SeguendoLa, Presidente, abbiamo riposto la nostra fiducia non solo nel Suo operato, ma anche nella Sua capacità di farsi interprete della profonda esigenza di rinnovamento del Paese.
L’astensione dei Parlamentari di Futuro e Libertà costituisce a nostro giudizio un gravissimo errore, l’assenza cioè della capacità di assunzione di responsabilità promessa oltre che una innegabile contraddizione con le premesse stesse della nascita e costituzione del Nostro Partito.
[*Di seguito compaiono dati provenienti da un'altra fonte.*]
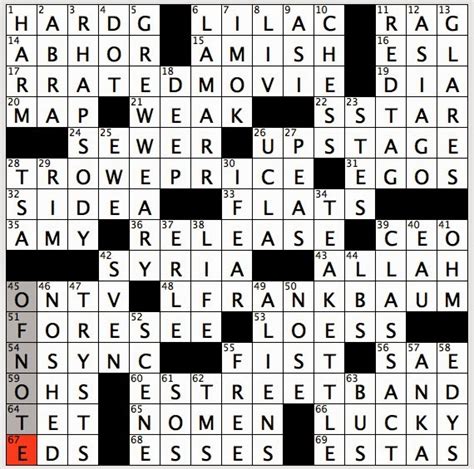 Former grunt crossword. Find the latest crossword clues from New York Times Crosswords, LA Times Crosswords and many more. ... Former grunt 1% 8 BPRIVATE: Lowly grunt 1% ... 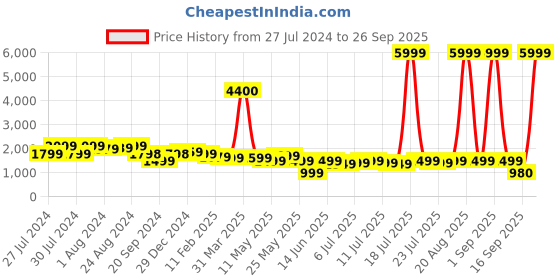 myntra.com Varanga Women Floral Yoke Design Embroidered Sequinned Kurta with Trousers & Dupatta varanga Price History Graph from 27 Jul 2024 to 26 Sep 2025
Abbiamo perso un’altra preziosa ed irripetibile occasione per segnare la nostra distanza da certo malcostume ed abbiamo, di contro, offerto il fianco ad asprissime e legittime critiche da parte del Paese ma, soprattutto, si è deluso quel genuino elettorato di Futuro e Libertà che ogni giorno si fa propugnatore e testimone dei valori della legalità , della giustizia e dell’eguaglianza.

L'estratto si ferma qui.